A fully configurable bias current reference is described. The output of the current reference is a gate voltage which produces a desired current. For each daisy-chained bias, 32 bits of configuration are divided into 22 bits of bias current, 6 bits of active-mirror buffer current, and 4 bits of other configuration. Configuration of each bias allows specifying the type of transistor (nfet or pfet), whether the bias is enabled or weakly pulled to the rail, whether the bias is for a cascode, and whether the bias transistor uses a shifted source (SS) voltage for sub-off-current biasing. In addition, the current reference integrates a pair of voltage regulators that generate stable voltage sources near the rails, suitable for the SS current references. Measurements from fabricated current references built in 180 nm CMOS show that the reference achieves at least 110 dB (22-bit) dynamic range and reaches 160dB when power-rail gate biasing is included. Generated bias currents reach at least 30x smaller current than the transistor off-current. Each current reference occupies an area of 620×50 urn2. The design kit schematics and layout are open-sourced.

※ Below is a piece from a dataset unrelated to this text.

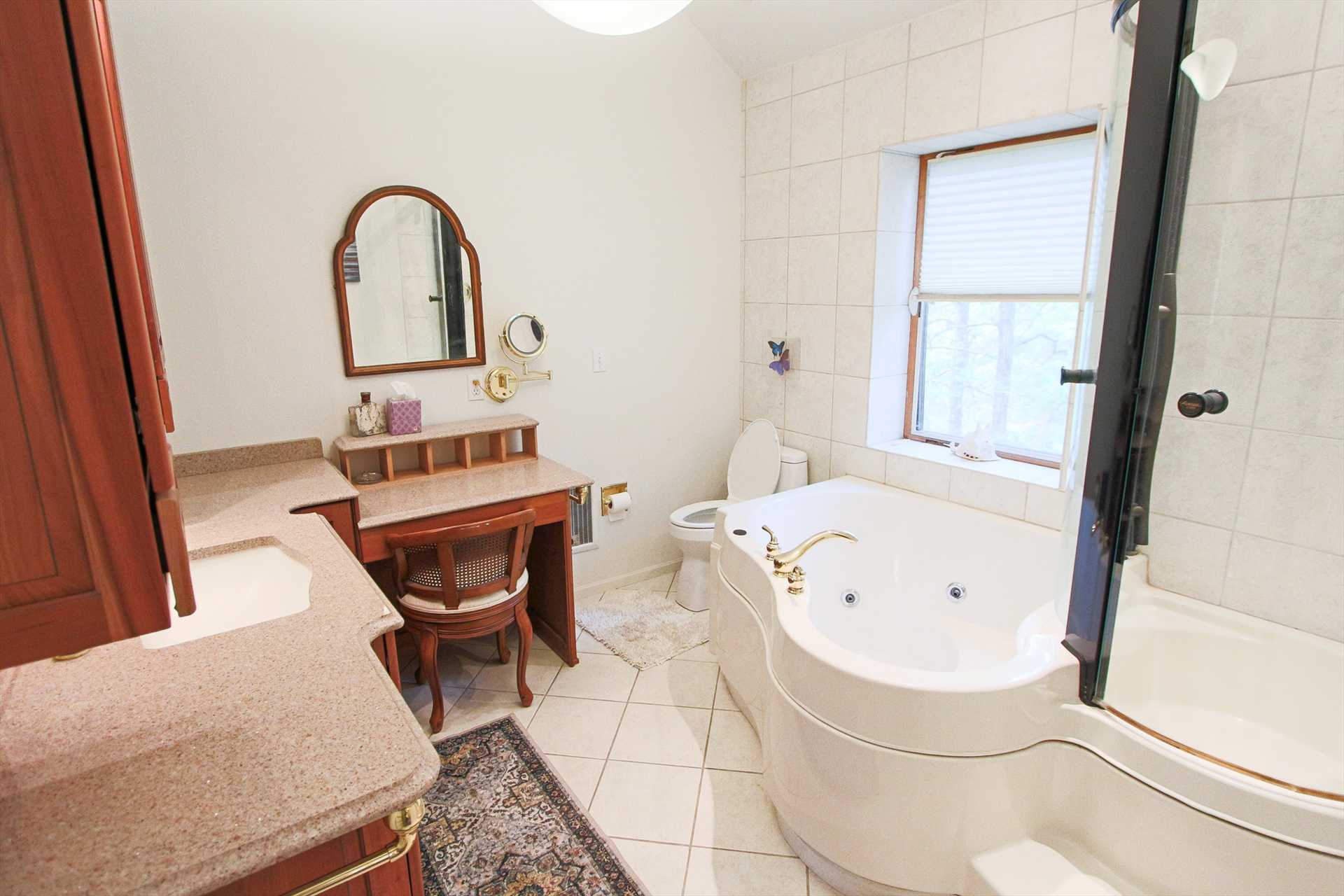 Private Bath in Primary w/ Tub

Event-Based Pixel Sensitive to Changes of Color and Brightness

Vision sensors whose pixels asynchronously generate informative output events are gathering increasing interest because they can reduce the data latency, rate, and redundancy, while also increasing dynamic range. This paper proposes such a dynamic vision sensor (DVS) pixel which is aimed at color vision (cDVS). The pixel combines subthreshold continuous time analog circuits with event-driven switched capacitor amplifiers and asynchronous digital outputs. The cDVS simultaneously detects separate log-intensity and wavelength change events using a single buried double junction (BDJ) photodiode. Chip measurements show that the cDVS color change pathway can detect light wavelength changes as small as 15 nm while the cDVS relative intensity change pathway detects changes as small as 10% of intensity. The circuit is characterized and improvements are proposed.

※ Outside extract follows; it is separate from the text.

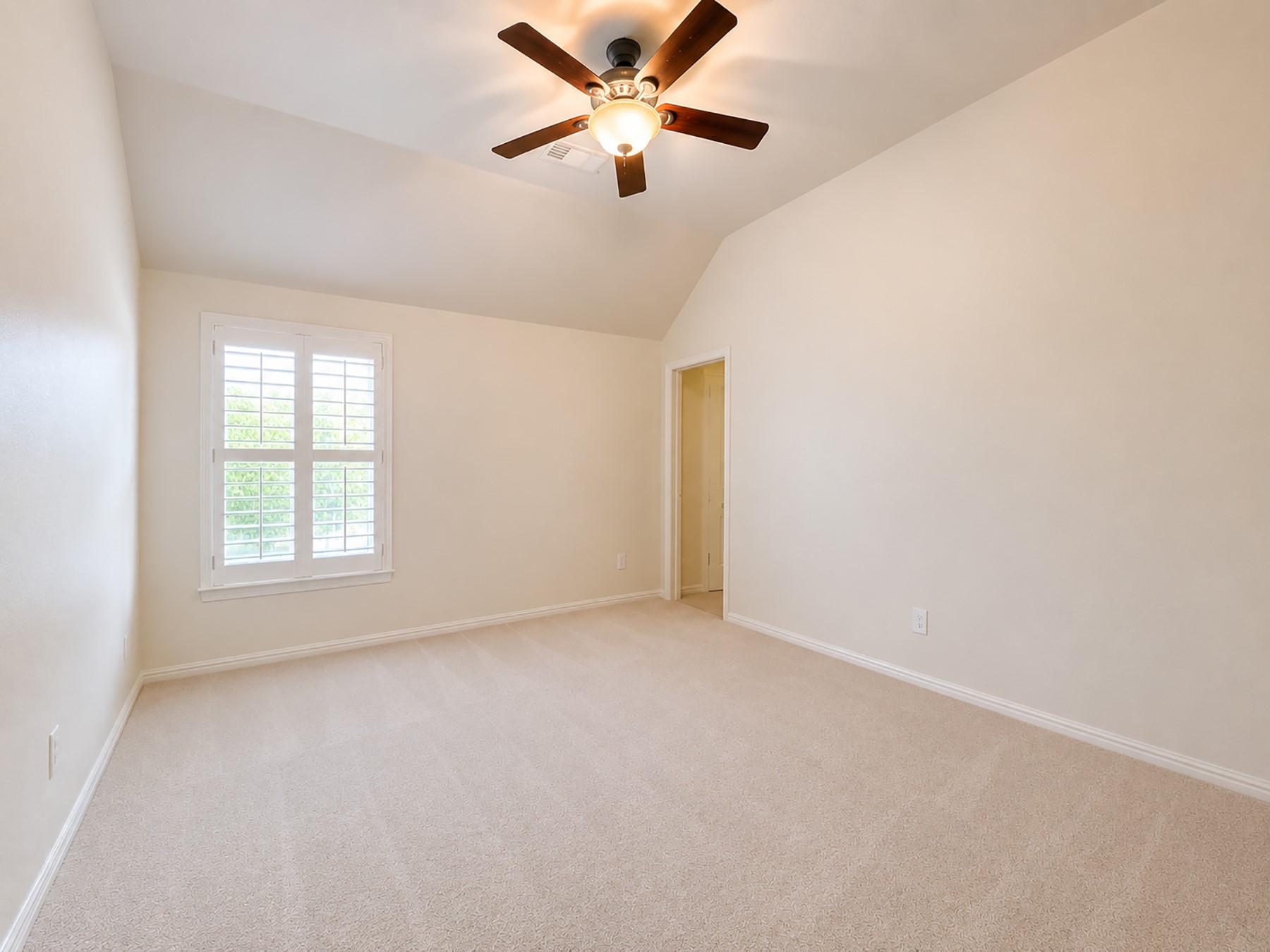 8317 Victoria Lane Lantana TX 76226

Adaptive pulsed laser line extraction for terrain reconstruction using a dynamic vision sensor

Mobile robots need to know the terrain in which they are moving for path planning and obstacle avoidance. This paper proposes the combination of a bio-inspired, redundancy-suppressing dynamic vision sensor (DVS) with a pulsed line laser to allow fast terrain reconstruction. A stable laser stripe extraction is achieved by exploiting the sensors ability to capture the temporal dynamics in a scene. An adaptive temporal filter for the sensor output allows a reliable reconstruction of 3D terrain surfaces. Laser stripe extractions up to pulsing frequencies of 500 Hz were achieved using a line laser of 3 mW at a distance of 45 cm using an event-based algorithm that exploits the sparseness of the sensor output. As a proof of concept, unstructured rapid prototype terrain samples have been successfully reconstructed with an accuracy of 2 mm.

Design of an RGBW color VGA rolling and global shutter dynamic and active-pixel vision sensor

This paper reports the design of a color dynamic and active-pixel vision sensor (C-DAVIS) for robotic vision applications. The C-DAVIS combines monochrome eventgenerating dynamic vision sensor pixels and 5-transistor active pixels sensor (APS) pixels patterned with an RGBW color filter array. The C-DAVIS concurrently outputs rolling or global shutter RGBW coded VGA resolution frames and asynchronous monochrome QVGA resolution temporal contrast events. Hence the C-DAVIS is able to capture spatial details with color and track movements with high temporal resolution while keeping the data output sparse and fast. The C-DAVIS chip is fabricated in TowerJazz 0.18um CMOS image sensor technology. An RGBW 2×2-pixel unit measures 20um × 20um. The chip die measures 8mm × 6.2mm.